Lo stesso concetto ha guidato la manifestazione di Guerrilla Marketing e la rappresentazione attraverso il Teatro degli oppressi dove le finalità erano di dare l’opportunità di toccare con mano, vedere, sentire, empatizzare, sensibilizzare la collettività verso la tematica dell’inclusione.
L’attività consisteva nel mostrarsi in una piazza cittadina incatenati e ammanettati, marchiati da scritte riguardanti categorie attraverso cui si disumanizza l’altro e stimolare nelle persone l’interrogativo se si possa continuare a passeggiare come se nulla fosse.
Alla stessa maniera, se in una rappresentazione teatrale viene portata in scena una condizione di oppressione e poi si chiede agli spettatori di esprimere la propria opinione su quanto visto e pensare a proposte per modificare la rappresentazione, si dà vita a un metodo di confronto, di scambio e di risoluzione dei conflitti partecipato e non violento.

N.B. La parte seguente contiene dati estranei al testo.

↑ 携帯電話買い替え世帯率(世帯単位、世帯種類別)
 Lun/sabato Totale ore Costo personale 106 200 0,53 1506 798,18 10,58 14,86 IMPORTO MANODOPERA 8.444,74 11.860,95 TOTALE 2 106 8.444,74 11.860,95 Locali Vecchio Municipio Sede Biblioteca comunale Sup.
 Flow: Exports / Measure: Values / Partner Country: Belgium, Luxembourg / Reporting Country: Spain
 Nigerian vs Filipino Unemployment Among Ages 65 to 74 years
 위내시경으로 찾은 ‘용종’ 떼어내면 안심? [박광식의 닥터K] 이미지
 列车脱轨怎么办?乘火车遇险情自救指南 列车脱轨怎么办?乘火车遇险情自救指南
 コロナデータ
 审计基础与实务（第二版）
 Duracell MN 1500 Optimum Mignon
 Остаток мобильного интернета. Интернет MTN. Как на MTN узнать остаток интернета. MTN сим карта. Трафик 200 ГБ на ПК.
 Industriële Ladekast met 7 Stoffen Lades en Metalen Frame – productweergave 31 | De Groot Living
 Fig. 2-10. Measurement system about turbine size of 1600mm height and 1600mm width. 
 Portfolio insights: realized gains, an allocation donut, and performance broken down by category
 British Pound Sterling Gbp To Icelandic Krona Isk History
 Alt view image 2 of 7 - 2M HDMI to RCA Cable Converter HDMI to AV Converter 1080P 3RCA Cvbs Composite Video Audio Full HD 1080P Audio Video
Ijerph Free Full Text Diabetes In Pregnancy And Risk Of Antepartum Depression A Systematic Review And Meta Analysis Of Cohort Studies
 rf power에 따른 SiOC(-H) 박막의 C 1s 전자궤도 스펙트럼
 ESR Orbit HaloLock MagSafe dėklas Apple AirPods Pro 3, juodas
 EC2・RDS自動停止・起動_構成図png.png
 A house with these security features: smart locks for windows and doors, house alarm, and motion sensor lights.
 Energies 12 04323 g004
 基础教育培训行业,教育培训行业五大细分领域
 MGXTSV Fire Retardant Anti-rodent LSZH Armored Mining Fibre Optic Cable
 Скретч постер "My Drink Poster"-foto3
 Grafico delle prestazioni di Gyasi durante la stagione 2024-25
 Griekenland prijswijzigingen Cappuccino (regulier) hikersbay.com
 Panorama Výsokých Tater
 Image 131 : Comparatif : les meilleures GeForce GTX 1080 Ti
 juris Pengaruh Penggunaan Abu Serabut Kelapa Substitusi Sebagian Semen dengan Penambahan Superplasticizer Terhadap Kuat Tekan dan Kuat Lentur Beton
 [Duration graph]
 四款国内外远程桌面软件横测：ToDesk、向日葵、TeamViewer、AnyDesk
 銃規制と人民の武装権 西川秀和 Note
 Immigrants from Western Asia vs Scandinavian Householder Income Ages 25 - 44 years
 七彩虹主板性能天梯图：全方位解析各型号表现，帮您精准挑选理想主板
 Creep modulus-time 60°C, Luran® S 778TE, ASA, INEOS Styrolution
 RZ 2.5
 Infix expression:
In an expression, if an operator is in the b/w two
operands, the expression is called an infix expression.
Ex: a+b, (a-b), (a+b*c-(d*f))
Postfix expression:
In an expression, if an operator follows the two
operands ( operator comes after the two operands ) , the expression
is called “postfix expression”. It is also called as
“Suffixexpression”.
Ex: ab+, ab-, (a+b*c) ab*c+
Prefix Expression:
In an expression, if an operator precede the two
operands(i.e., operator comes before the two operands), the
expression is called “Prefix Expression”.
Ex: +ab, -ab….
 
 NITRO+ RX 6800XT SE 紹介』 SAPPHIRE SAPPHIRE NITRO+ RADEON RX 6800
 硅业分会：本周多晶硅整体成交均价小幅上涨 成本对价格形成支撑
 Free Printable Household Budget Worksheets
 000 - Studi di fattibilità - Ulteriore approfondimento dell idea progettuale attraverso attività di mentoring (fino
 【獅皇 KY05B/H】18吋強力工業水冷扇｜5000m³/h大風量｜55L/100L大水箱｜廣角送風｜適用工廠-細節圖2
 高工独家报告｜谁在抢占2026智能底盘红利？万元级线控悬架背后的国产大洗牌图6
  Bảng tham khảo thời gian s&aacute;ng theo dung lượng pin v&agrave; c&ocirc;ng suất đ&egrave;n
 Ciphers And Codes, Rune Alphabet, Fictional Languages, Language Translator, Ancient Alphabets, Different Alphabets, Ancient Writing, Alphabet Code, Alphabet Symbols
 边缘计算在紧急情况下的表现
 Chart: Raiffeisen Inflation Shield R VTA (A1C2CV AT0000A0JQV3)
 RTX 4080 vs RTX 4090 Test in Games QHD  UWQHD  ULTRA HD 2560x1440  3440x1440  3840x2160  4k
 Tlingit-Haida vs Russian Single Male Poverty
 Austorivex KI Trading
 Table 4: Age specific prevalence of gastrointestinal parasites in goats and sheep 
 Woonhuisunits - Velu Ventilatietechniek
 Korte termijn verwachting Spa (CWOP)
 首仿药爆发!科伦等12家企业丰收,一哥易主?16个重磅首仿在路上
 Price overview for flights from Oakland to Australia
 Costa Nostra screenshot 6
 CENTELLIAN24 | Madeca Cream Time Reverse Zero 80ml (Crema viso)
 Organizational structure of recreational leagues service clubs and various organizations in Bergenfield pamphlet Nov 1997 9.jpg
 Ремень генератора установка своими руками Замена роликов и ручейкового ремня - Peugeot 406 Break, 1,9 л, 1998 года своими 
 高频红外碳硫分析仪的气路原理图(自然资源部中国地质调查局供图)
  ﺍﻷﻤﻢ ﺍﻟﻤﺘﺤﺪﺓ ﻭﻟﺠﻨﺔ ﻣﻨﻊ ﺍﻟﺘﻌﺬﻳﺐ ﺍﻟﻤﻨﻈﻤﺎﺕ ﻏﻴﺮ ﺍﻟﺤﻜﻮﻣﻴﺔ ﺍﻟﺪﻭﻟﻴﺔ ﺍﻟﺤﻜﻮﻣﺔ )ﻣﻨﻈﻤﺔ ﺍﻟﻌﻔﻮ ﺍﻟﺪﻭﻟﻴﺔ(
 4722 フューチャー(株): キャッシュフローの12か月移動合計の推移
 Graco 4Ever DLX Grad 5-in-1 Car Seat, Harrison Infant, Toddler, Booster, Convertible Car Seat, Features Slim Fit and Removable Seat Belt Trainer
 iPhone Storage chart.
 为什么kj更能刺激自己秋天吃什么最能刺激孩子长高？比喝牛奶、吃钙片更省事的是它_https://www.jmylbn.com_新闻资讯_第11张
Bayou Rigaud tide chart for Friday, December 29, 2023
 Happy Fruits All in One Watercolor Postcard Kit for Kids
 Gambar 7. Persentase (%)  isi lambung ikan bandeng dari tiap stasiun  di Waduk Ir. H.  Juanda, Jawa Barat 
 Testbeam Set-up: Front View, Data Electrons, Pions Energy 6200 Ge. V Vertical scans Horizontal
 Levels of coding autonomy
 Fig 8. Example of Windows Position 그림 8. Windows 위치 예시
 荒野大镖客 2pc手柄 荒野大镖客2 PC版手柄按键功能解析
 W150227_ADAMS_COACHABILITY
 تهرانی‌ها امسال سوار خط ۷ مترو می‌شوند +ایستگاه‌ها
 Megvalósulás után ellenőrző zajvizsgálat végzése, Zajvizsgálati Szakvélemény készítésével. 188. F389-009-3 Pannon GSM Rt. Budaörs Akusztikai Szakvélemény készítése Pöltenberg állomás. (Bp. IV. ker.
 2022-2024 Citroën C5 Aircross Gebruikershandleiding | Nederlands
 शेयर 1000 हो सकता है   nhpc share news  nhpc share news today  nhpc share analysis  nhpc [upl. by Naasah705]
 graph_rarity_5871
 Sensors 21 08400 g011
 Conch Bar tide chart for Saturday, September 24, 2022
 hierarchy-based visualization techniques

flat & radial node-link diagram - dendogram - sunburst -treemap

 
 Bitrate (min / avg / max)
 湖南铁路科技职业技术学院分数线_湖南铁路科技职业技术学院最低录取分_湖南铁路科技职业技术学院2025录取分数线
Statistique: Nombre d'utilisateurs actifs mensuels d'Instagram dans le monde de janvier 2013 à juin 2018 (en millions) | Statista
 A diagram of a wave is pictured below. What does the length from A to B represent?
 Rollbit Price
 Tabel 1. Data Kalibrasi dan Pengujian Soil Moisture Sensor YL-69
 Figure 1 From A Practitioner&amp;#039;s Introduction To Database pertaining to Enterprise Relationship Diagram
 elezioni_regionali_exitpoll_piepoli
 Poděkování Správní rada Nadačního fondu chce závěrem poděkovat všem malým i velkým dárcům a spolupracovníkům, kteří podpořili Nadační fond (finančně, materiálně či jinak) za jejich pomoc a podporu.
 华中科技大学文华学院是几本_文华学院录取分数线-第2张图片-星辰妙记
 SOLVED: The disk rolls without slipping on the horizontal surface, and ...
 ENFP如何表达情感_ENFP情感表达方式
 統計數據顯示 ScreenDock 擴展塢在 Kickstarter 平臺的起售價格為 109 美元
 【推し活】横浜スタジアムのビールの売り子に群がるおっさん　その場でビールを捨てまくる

Ciò mi ha fatto comprendere pienamente quanto oggi abbiamo bisogno di tutto questo e mi ha fatto pensare agli studi di un antropologo Figio-Tongano dal nome Epeli Hau’ofa, il quale scrisse che “la piccolezza è uno stato mentale”.
Hau’ofa si riferiva a quella condizione per cui il popolo dell’Oceania, credendo alle narrazioni dei colonizzatori si era ingannato di essere solo “isole in un mare distante”, quando invece era “un mare di isole”, un regno in cui l’oceano era strumento di connessione e non di divisione.
Grazie alle connessioni e ai legami tra gli abitanti, quelle isole smettevano di essere piccole divenendo immense.
Probabilmente dovremmo fare lo stesso sforzo concettuale e smettere di costruire muri, di rafforzare confini, di creare divisioni che ci rinchiudono in una piccolezza mentale ed umana; dovremmo trasformare le frontiere in un retaggio del passato, traslare un mondo di confini in un mondo di affini perché alla fine è semplicissimo farlo, basta far incontrare le persone, è sufficiente offrire le opportunità, poi sarà naturale oltrepassare i confini e abbatterli.
In soli dieci giorni il gruppo di una ventina di persone è divenuto unitissimo, si è condiviso tutto, con curiosità si domandava di usi, abitudini, modi di dire, di fare, o di gesticolare per esempio nel caso di noi italiani.
Così l’ultimo giorno, il momento dell’addio è diventato un arrivederci, perché tra il mare di lacrime che scorrevano per la separazione, organizzavamo già un nuovo incontro, forti del fatto che quando unisci, quando crei relazioni autentiche, poi è difficile spezzarle e quei legami rimangono.
Esattamente come diceva Hau’ofa, dobbiamo solo iniziare a riconoscere questi legami, a coltivarli e rafforzarli, perché un mondo inclusivo e in pace è un mondo che si conosce, al contrario le diffidenze e le paure germogliano facilmente se schermate dai confini.